Florida’s Chief Financial Officer (CFO) Jimmy Patronis is leading the charge to get Uber to relocate its headquarters from California to the Sunshine State.
Patronis met this week with Uber’s vice president of facilities to urge the company to move from Florida and escape “California’s burdensome regulations” which are “threatening to destroy their innovative business model.”
The CFO’s office showcased what Uber could be facing in the Golden State.
“Recent reports suggest that Uber and similar rideshare services could likely shut down for several months if a court does not overturn a recent lawsuit ruling spurred on by a new California state law. Discussions with Uber also highlighted the health and safety steps the rideshare company has taken in response to the COVID-19 pandemic,” the CFO’s office noted.
“Today, I was excited to talk with rideshare giant Uber and hear directly from their team on the benefits of doing business in Florida and issues related to grueling rideshare regulations currently plaguing them in California. It’s appalling how this innovative company is being treated by California regulators as a possible shutdown would irreparably harm the amazing people who rely on its rides operations as a vital mode of transportation and those that use it to generate income for themselves and their families during this unprecedented pandemic,” Patronis said on Thursday.

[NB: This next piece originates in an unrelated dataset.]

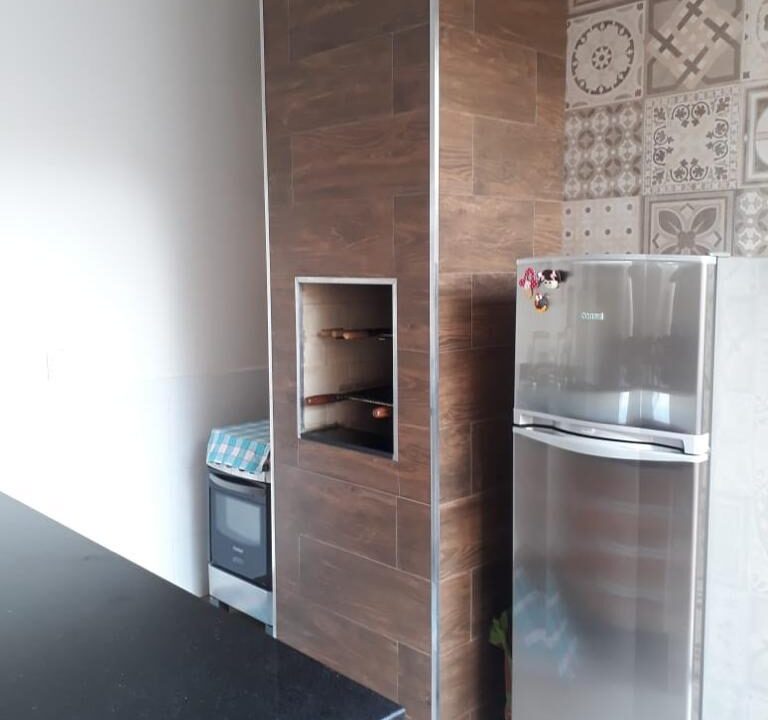 WhatsApp Image 2022-07-27 at 22.03.14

“By moving their headquarters to the Sunshine State, Uber can take full advantage of our business-friendly regulations that allow this innovative company to survive and thrive. At the end of the day, I’m convinced there is no better place to live, work, raise a family and run a business than right here in Florida,” Patronis added.
Patronis praised Uber’s efforts during the coronavirus pandemic including setting aside $50 million for drivers to have cleaning supplies and personal protective equipment (PPE) and delivering 10 million free rides and deliveries for seniors, healthcare workers and the needy. In Florida, Uber has distributed more than 1.25 million masks during the pandemic.